Der Fall verdeutlichte den weitreichenden Einfluss des Mobs auf die Politik und Gesellschaft Süditaliens. Experten sagten, die Verurteilungen von Angestellten, darunter lokale Beamte, Geschäftsleute und Politiker, zeigten die weitreichenden Auswirkungen der organisierten Kriminalität auf italienische Institutionen. Zu den bemerkenswertesten Personen, die verurteilt wurden, gehörte Giancarlo Pittelli, ein Anwalt und ehemaliger Senator der Partei Forza Italia von Ex-Premier Silvio Berlusconi. Pittelli erhielt eine elfjährige Haftstrafe wegen geheimer Absprachen mit einer mafiösen Organisation.
Zu den weiteren Verurteilten gehörten Beamte, Fachleute aus verschiedenen Branchen und hochrangige Beamte, die entscheidend für den Erfolg der Ndrangheta bei der Unterwanderung der legitimen Wirtschaft und staatlichen Institutionen waren. Mehr als 100 Angeklagte wurden freigesprochen. Die den Fall leitenden Richter wurden aus Angst um ihre Sicherheit unter Polizeischutz gestellt. Die aus der verarmten Region Kalabrien stammende Ndrangheta gilt als eine der gefährlichsten kriminellen Organisationen der Welt. Es wird geschätzt, dass es bis zu 80 % des europäischen Kokainmarktes kontrolliert.

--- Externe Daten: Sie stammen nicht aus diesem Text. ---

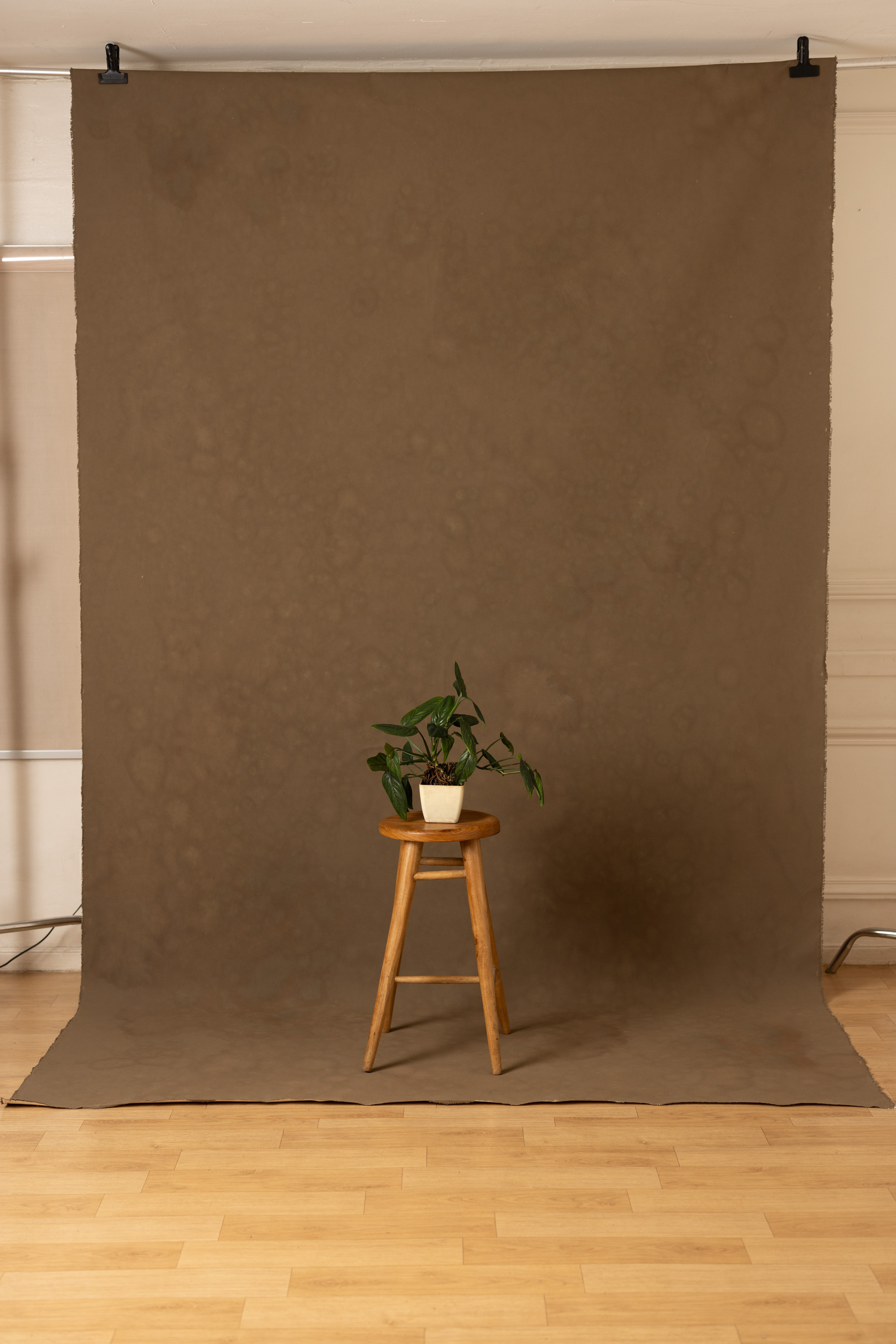 Otter Brown Painted Canvas Backdrop (RN#452) view 3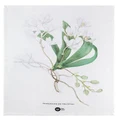 Maxwell & Williams: Royal Botanic Gardens Australian Orchids Tea Towel - White (50x70cm)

Die Bande erwirtschaftet einen geschätzten Jahresumsatz von rund 60 Milliarden US-Dollar (54,81 Milliarden Euro). Der Prozess fand in einem Callcenter am Rande der Stadt Lamezia Terme statt, das in einen Hochsicherheitsgerichtssaal umgewandelt wurde, der mit Käfigen für die Angeklagten ausgestattet war und groß genug war, um etwa 600 Anwälte und 900 Zeugen aufzunehmen. Zu den Anklagen gehörten Mord, Erpressung, Drogenhandel, Kreditwucher, Amtsmissbrauch und Geldwäsche.
Über drei Jahre hinweg zeigten die Verfahren, wie das kalabrische Syndikat seine Reichweite über Kontinente hinweg ausdehnte und schließlich bis nach Südamerika und Australien operierte. Ihre Mitglieder infiltrierten die lokale Wirtschaft, öffentliche Institutionen und sogar das Gesundheitssystem, manipulierten öffentliche Ausschreibungen und bestachen lokale Beamte.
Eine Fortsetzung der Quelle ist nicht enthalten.